Nos dias mais frios do inverno, no Parlamento, Almeida Santos costumava receber os visitantes, no seu gabinete, com os pés assentes numa botija de aquecimento elétrica. No último fim-de-semana, declarando-se engripado, arriscou uma corrente de ar, mas não quis falhar no apoio a uma ação de campanha de Maria de Belém. O homem das ligações maçónicas apoiava uma candidata católica, sua sucessora na presidência do PS. O afeto e o espírito de corpo acima de tudo. Ele, a quem se atribui a frase “aos amigos, tudo, aos restantes, aplique-se a lei”, disse presente e falou. Foi o seu último discurso.
Em 1985, com o primeiro-ministro cessante, Mário Soares, retirado da liderança do PS, para preparar a sua primeira candidatura presidencial, Almeida Santos assumiu a liderança socialista, pedindo aos eleitores, pela primeira vez, uma maioria absoluta. A sua cara já bem conhecida dos portugueses, aparecia em cartazes onde se pedia 43 por cento. A poucos dias das eleições, porém, continuava fechado em casa. E Soares, furibundo, interpelou-o: “Quando é que começas a fazer campanha?” Mas Almeida Santos tinha um argumento que define um estilo e uma personalidade: estava em retiro, a redigir o programa…

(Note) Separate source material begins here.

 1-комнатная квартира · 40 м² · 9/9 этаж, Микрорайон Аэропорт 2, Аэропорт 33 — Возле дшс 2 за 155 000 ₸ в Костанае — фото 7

Almeida Santos cantava o fado de Coimbra e discursava num estilo aprimorado, talvez antiquado, mas elegante e fino. Príncipe nos bastidores da política e dos negócios, manejava a pena e a palavra como os deputados da velha escola republicana. E dele se diz que, por uma vírgula colocada no sítio certo, podia alterar completamente o sentido de uma lei. Advogado hábil e prestigiado, dominou, desde 1953, e por mais de 20 anos, a praça de Lourenço Marques, em Moçambique, onde foi o rosto da oposição ao salazarismo e até alegado partidário de uma “independência branca”. Por duas vezes, foi impedido de se candidatar em listas da oposição democrática.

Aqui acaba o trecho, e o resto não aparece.